* [Exercise goal]
An exact copy of the lines of the listing below between the "Forest-Painting" line and the "Чистая уютная квартира у парка Победы" line, both included, is the whole answer; please omit the pictures.

* [Data supplied]
----

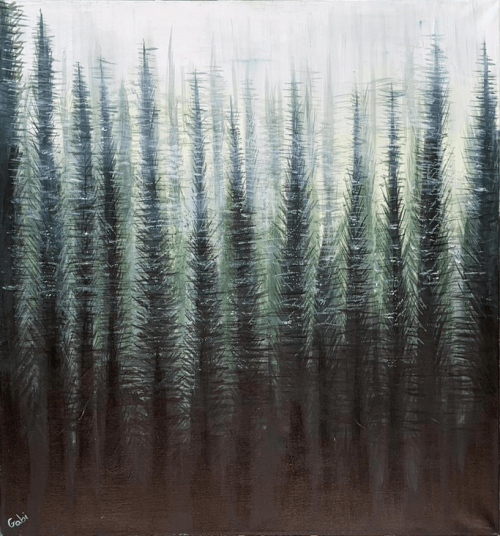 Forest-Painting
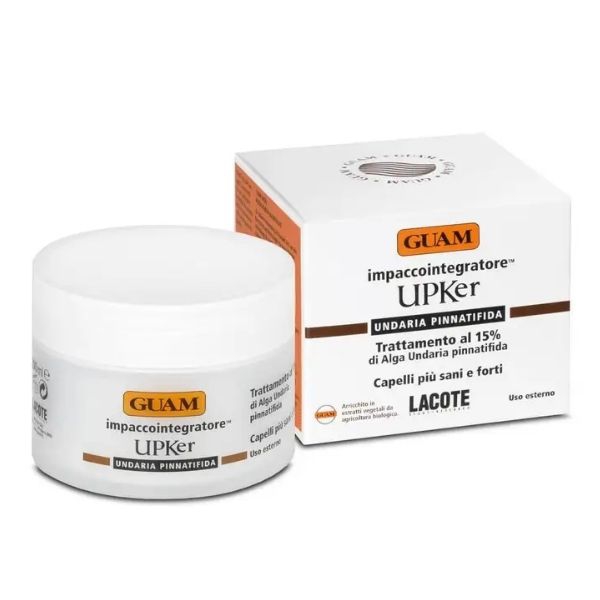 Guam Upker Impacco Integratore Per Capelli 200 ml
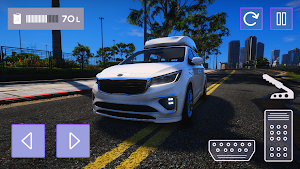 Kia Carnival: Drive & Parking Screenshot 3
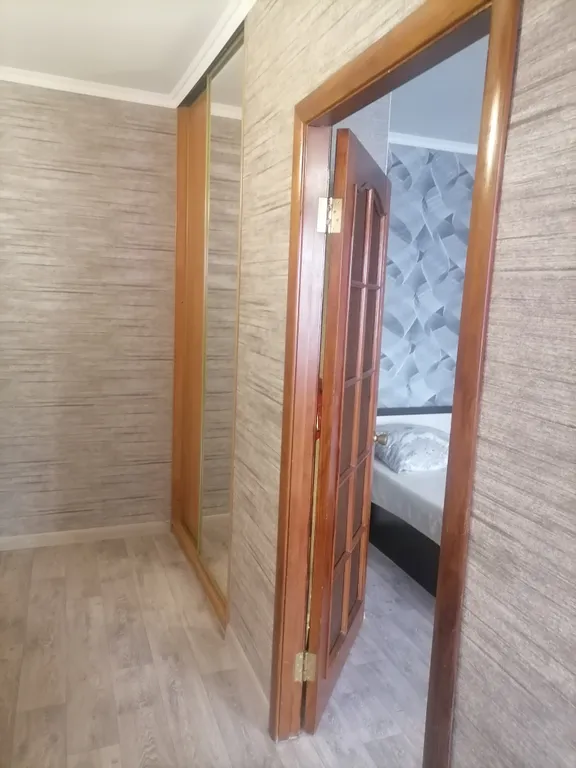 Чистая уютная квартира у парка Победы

----

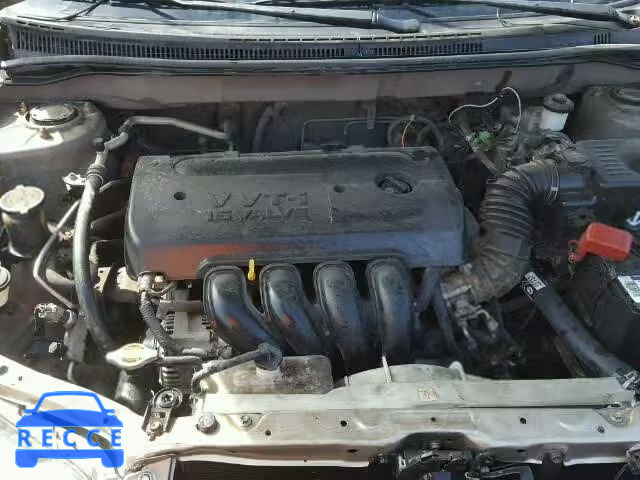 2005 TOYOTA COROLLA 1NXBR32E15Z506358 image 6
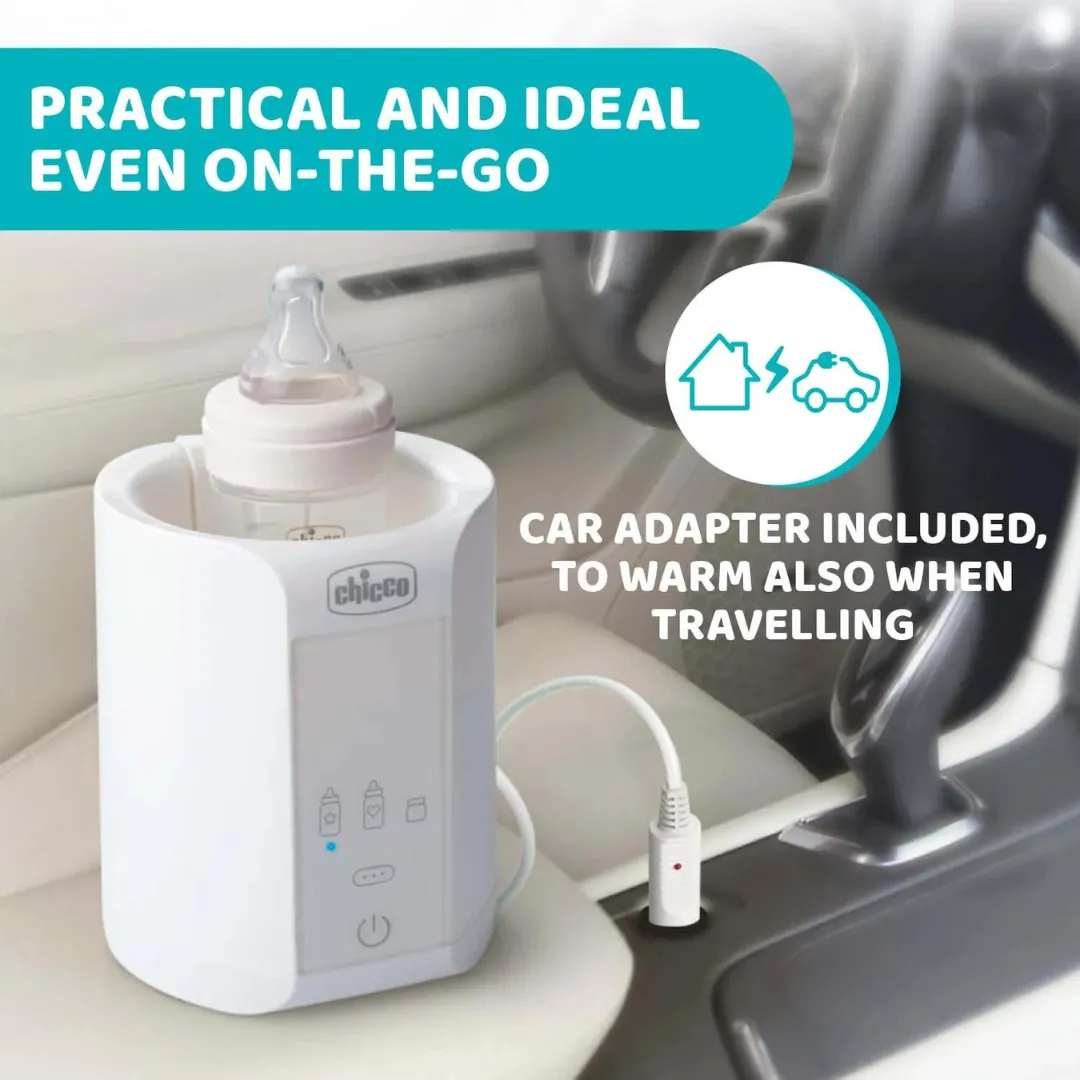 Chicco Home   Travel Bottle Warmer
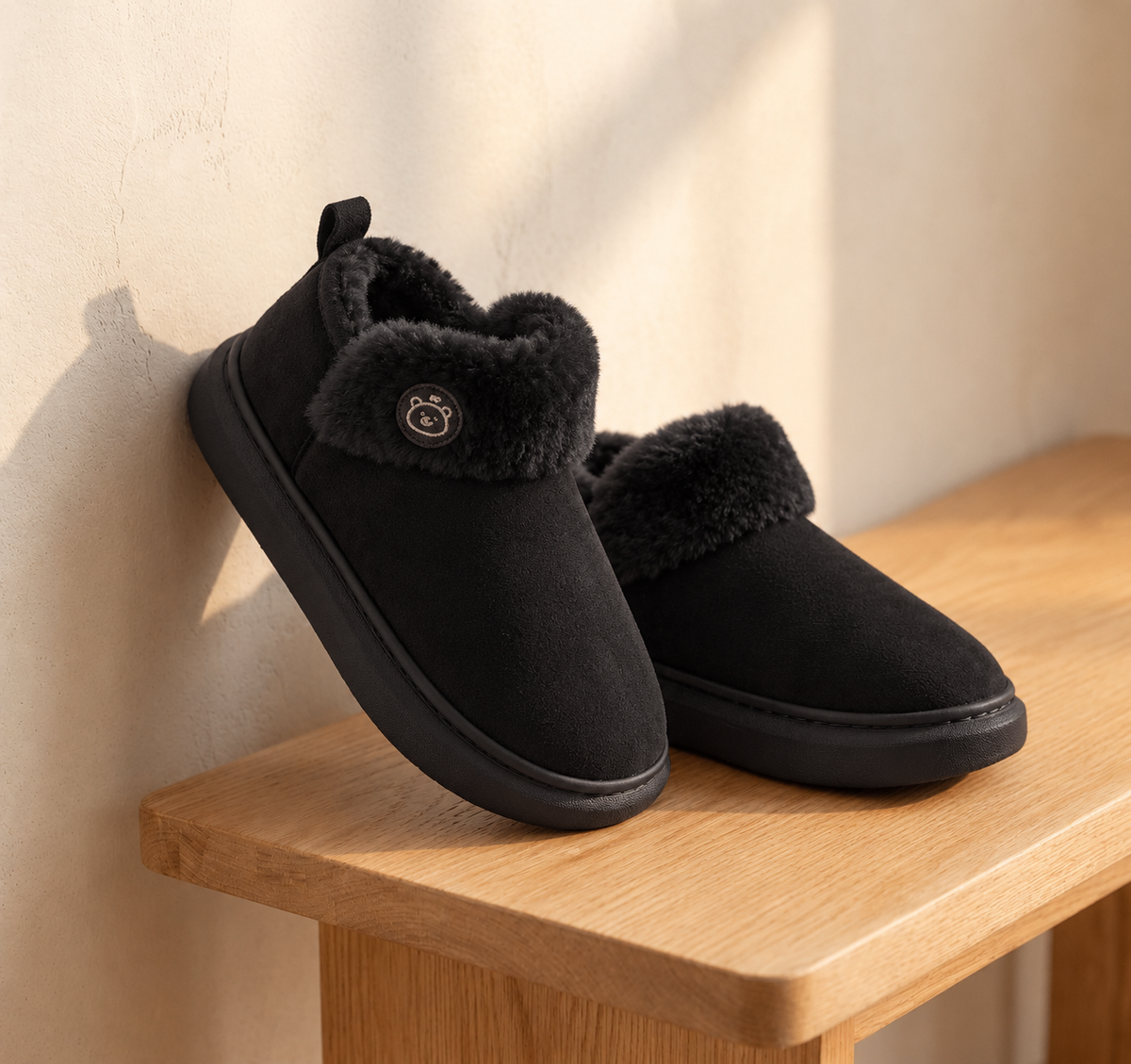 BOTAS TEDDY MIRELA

----

* [Written solution]
 Forest-Painting
 Guam Upker Impacco Integratore Per Capelli 200 ml
 Kia Carnival: Drive & Parking Screenshot 3
 Чистая уютная квартира у парка Победы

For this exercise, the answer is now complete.